(Records from a collection)
%%

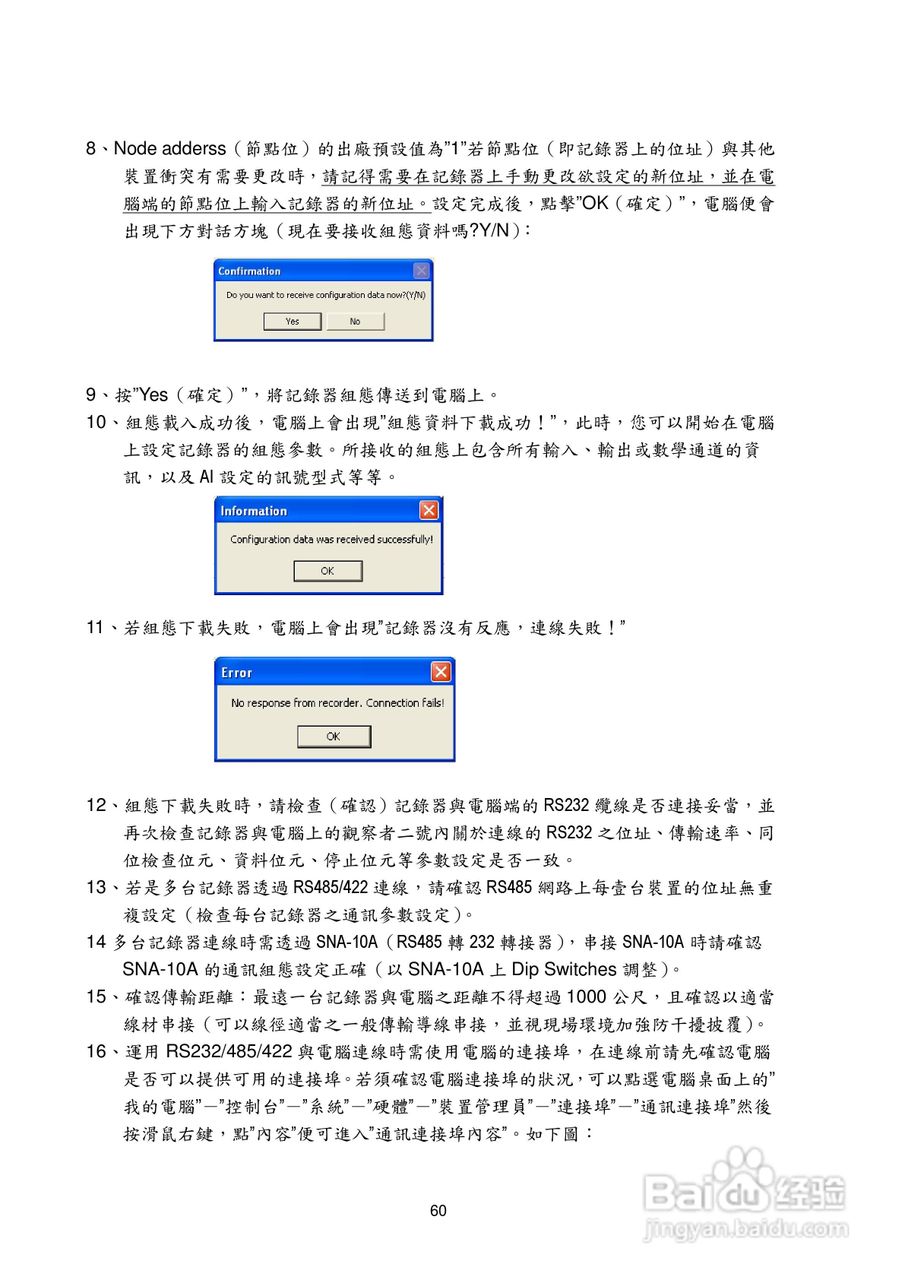 志禾工业AR18记录器操作手册:[6]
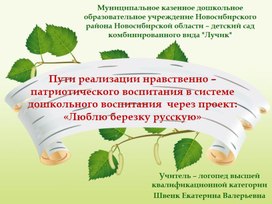 Обложка для материала Пути реализации нравственно - патриотического воспитания в ДОУ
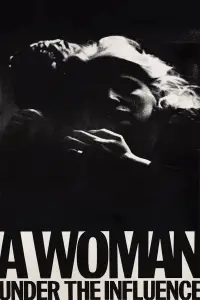 Постер до фильму"Жінка під впливом" #967537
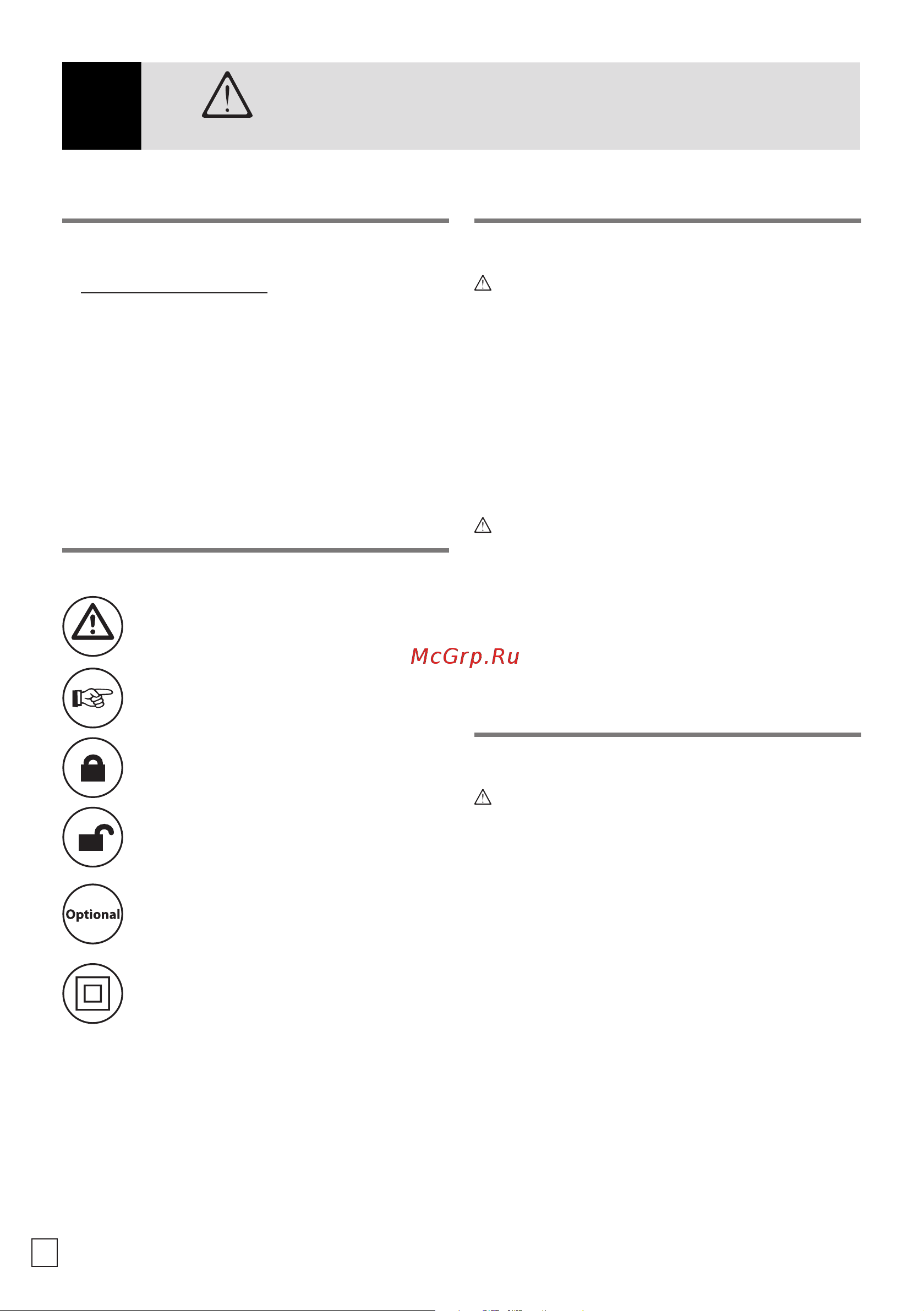 Oleo-Mac PW125C [22/88] Dispositifs de sécurité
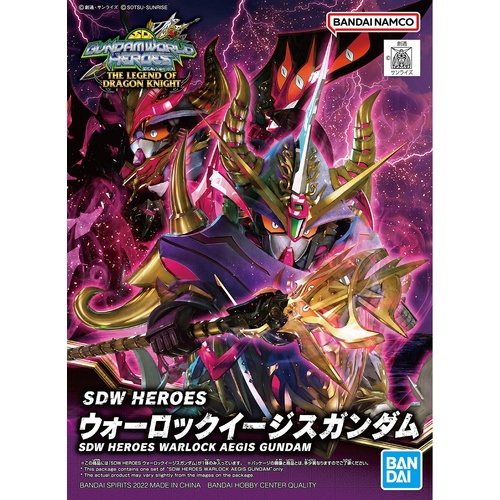 -PRE-ORDER- SDW Heroes Warlock Aegis Gundam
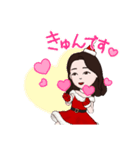 yura2021（個別スタンプ：6）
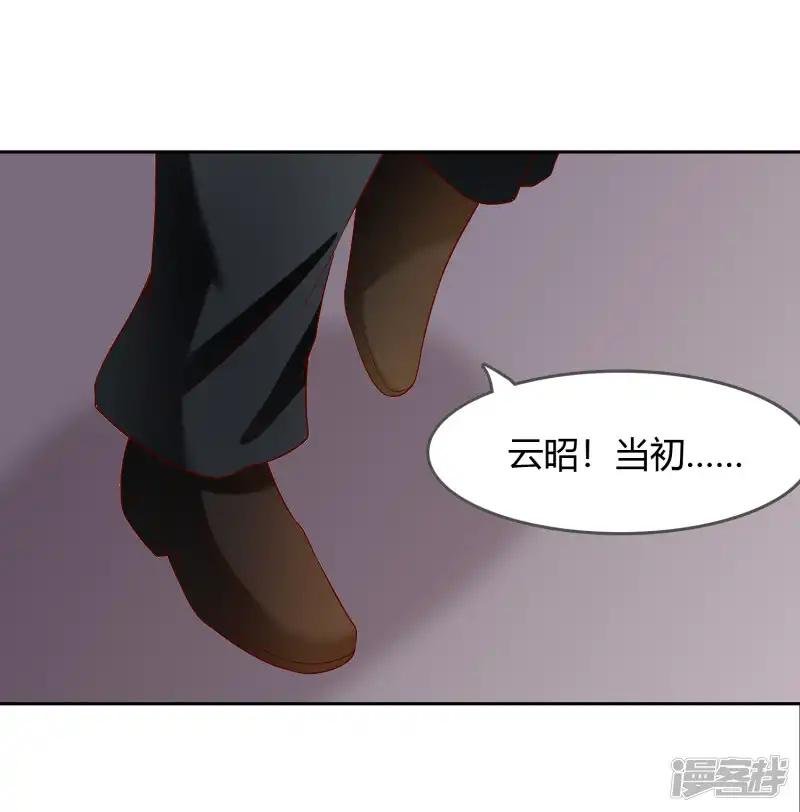 最终话 我们重新认识吧!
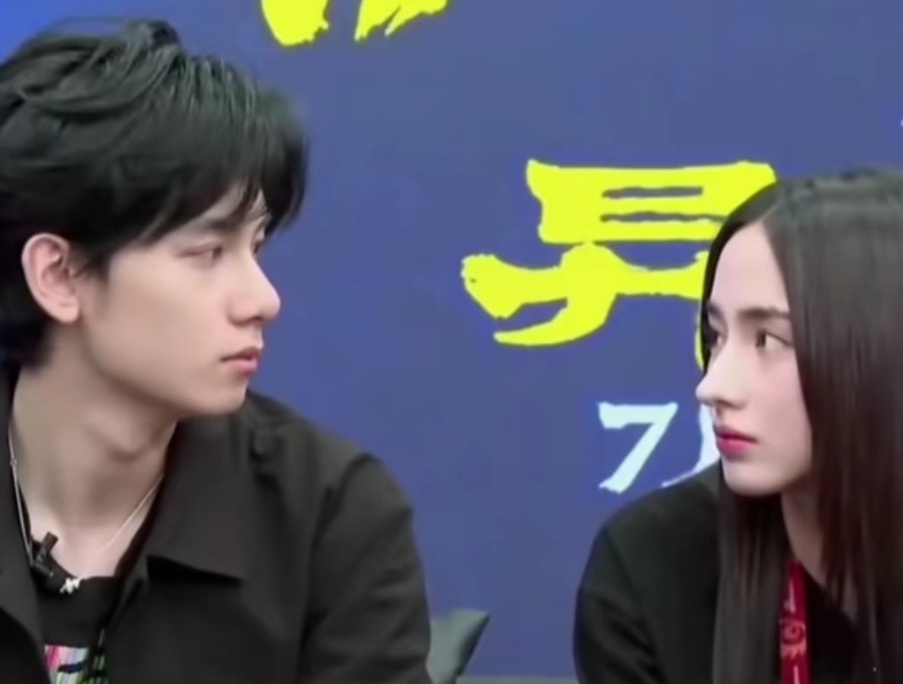 胡先煦和李宛妲是真的吗？ ​​​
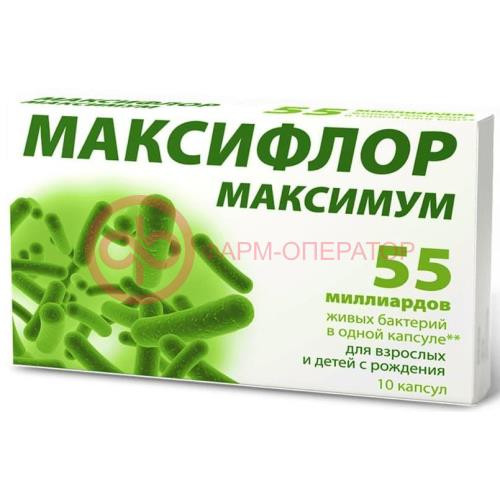 Максифлор максимум капсулы №10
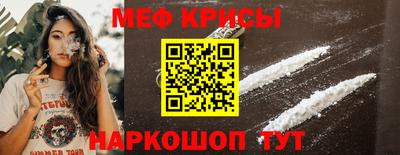 амф Конаково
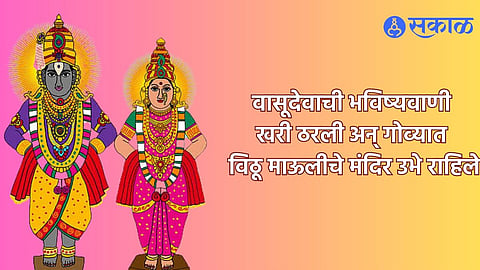 Ashadhi Wari 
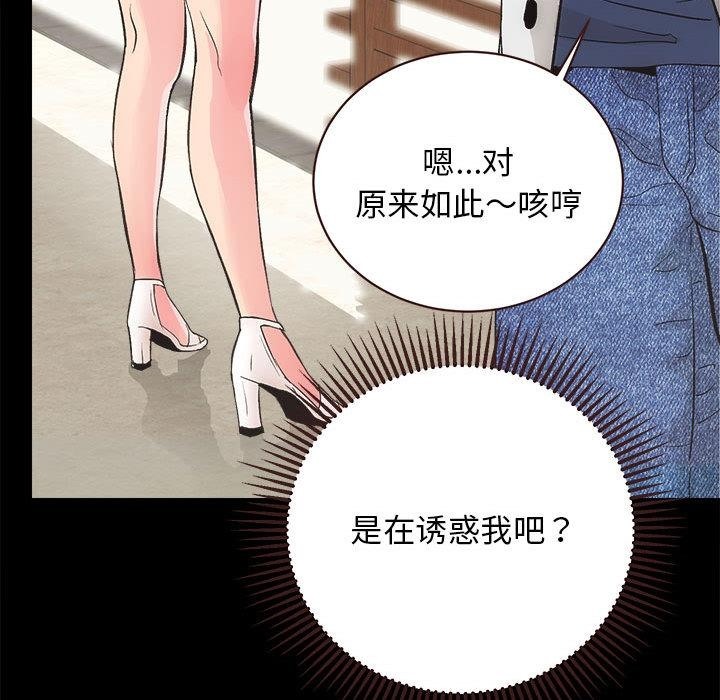 [韩国漫画] 房产姐妹花 剧情,职场#[198P]-161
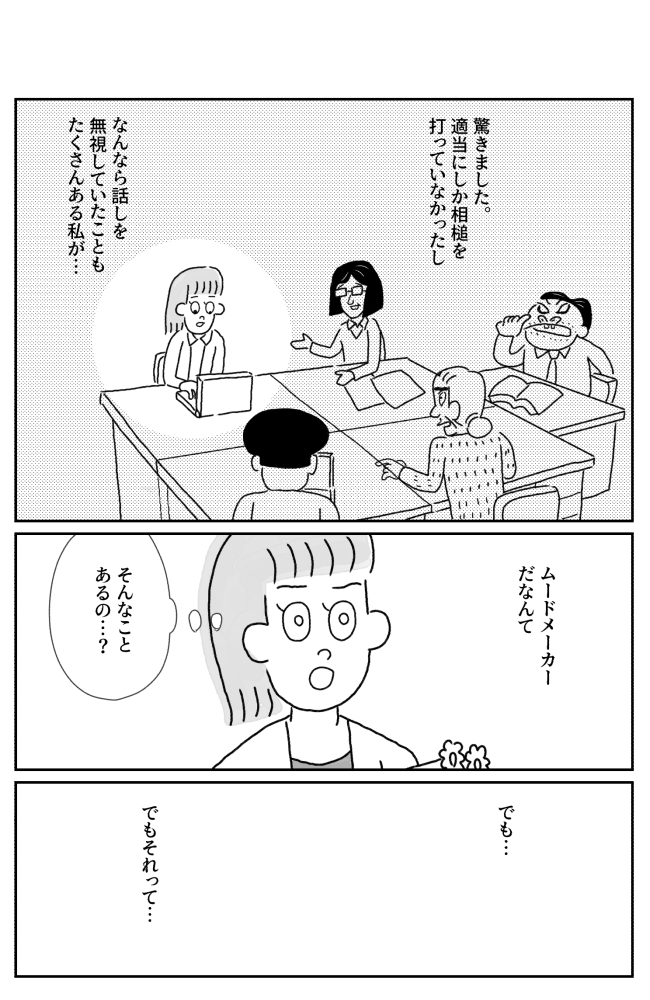 色んな人の「褒められ」エピソードを漫画化しています。送別会で気づいた「話を聞く」ということの意義。ただ、それって同時に……

↓続きはこちらから

「【漫画】たまに取り出せる褒め(作:室木おすし)」 https://t.co/05gcttVYF1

%%

- Task directions
The lines wanted are those from the one with "амф Конаково" to the end of the entries above, repeated exactly, both ends included. Leave out the pictures.

- Task output
 амф Конаково
 Ashadhi Wari 
 [韩国漫画] 房产姐妹花 剧情,职场#[198P]-161
 色んな人の「褒められ」エピソードを漫画化しています。送別会で気づいた「話を聞く」ということの意義。ただ、それって同時に……

↓続きはこちらから

「【漫画】たまに取り出せる褒め(作:室木おすし)」 https://t.co/05gcttVYF1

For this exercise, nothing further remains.